§ **EXERCISE DESCRIPTION**
Search the records for the string "Schnauzer". Copy each line where it occurs.

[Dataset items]
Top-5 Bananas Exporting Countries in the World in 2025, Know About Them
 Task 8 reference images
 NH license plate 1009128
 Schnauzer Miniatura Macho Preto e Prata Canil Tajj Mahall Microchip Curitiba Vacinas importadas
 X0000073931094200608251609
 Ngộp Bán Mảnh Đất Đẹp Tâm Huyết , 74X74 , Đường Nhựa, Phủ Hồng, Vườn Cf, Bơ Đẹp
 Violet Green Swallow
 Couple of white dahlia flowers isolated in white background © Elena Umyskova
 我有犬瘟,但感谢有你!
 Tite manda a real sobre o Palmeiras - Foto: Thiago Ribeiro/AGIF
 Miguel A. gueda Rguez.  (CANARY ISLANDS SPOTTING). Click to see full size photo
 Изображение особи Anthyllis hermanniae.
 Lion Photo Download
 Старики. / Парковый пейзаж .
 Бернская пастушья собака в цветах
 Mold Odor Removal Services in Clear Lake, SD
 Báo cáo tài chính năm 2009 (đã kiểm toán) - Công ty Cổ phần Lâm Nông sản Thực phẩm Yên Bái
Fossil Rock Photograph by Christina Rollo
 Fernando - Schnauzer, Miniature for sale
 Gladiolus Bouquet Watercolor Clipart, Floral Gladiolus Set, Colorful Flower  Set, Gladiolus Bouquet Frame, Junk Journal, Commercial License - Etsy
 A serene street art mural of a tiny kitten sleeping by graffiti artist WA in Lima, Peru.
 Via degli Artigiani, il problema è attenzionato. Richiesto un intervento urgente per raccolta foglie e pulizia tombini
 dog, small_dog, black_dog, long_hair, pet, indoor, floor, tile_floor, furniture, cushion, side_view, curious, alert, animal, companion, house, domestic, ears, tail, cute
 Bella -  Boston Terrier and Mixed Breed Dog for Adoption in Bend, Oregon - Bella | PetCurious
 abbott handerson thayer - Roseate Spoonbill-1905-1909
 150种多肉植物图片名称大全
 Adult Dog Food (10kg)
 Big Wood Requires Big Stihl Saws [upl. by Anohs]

§ **RESULT OF THIS EXERCISE**
 Schnauzer Miniatura Macho Preto e Prata Canil Tajj Mahall Microchip Curitiba Vacinas importadas
 Fernando - Schnauzer, Miniature for sale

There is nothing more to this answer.